* **Instructions for the task**
The answer is to be the lines below that lie between the line holding "DSCN2857.JPG" and the line holding "PORCELANOSA XLIGHT TOSCANO", inclusive, transcribed exactly and free of pictures.

* **Input data**
╭──

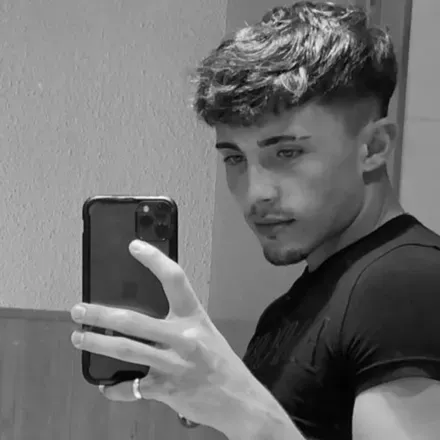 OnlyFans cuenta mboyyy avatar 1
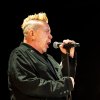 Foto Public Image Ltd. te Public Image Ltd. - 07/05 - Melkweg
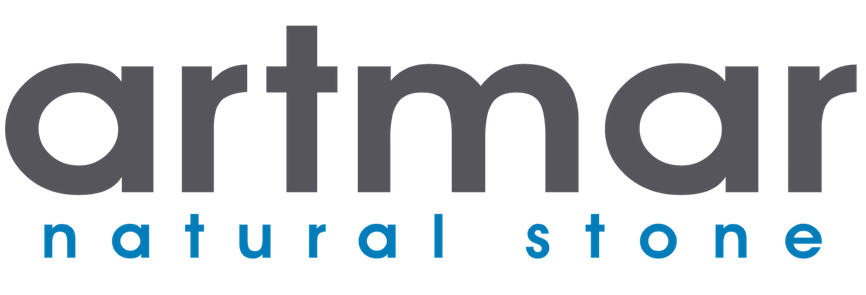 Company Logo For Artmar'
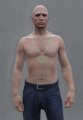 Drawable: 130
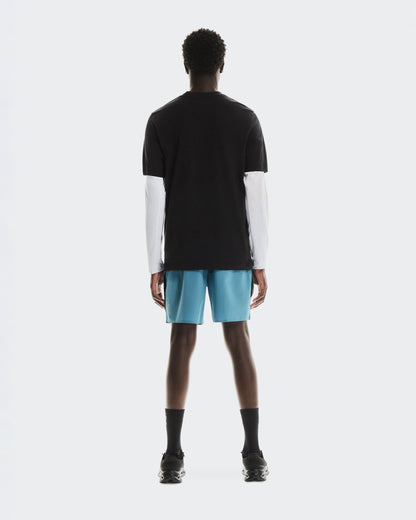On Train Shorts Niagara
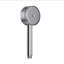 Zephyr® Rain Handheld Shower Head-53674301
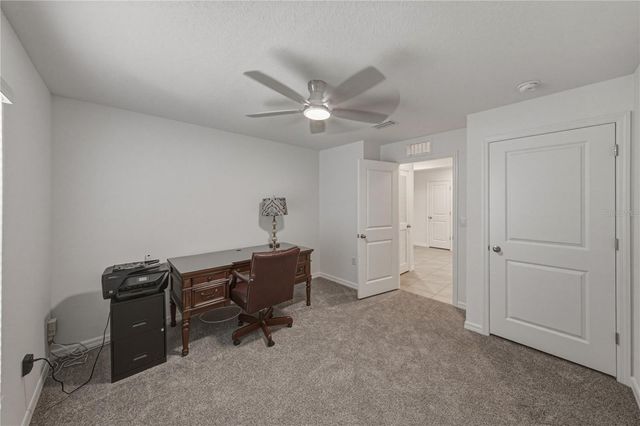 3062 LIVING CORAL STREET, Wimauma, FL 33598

╰──
╭──

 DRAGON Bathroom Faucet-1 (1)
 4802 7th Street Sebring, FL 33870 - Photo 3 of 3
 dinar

╰──
╭──

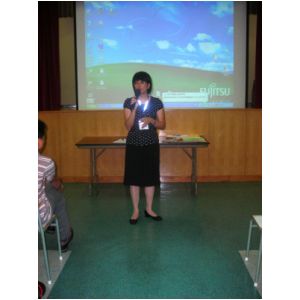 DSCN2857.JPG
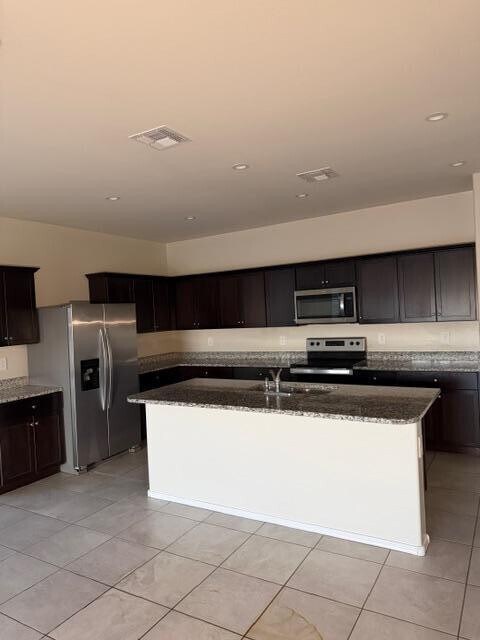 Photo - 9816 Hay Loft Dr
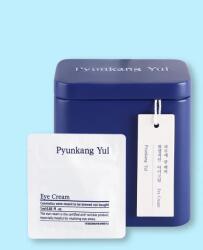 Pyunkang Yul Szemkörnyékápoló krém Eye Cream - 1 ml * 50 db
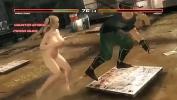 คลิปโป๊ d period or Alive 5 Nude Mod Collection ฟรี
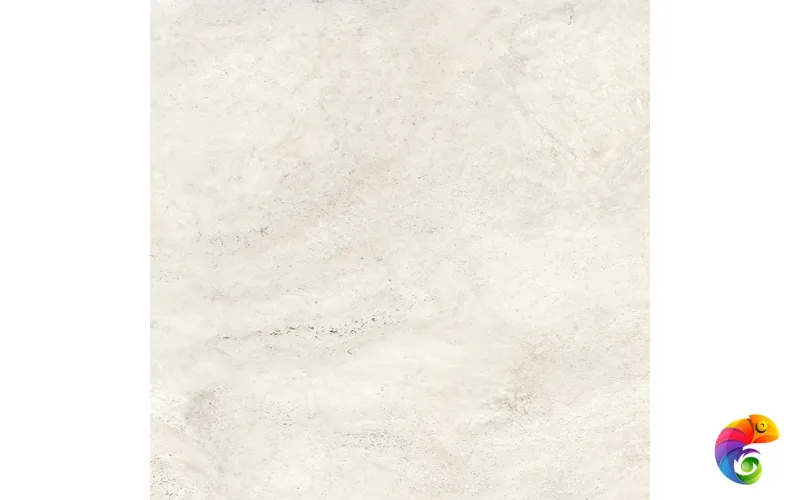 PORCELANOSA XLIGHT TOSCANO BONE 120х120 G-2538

╰──

* **Answer**
 DSCN2857.JPG
 Photo - 9816 Hay Loft Dr
 Pyunkang Yul Szemkörnyékápoló krém Eye Cream - 1 ml * 50 db
 คลิปโป๊ d period or Alive 5 Nude Mod Collection ฟรี
 PORCELANOSA XLIGHT TOSCANO BONE 120х120 G-2538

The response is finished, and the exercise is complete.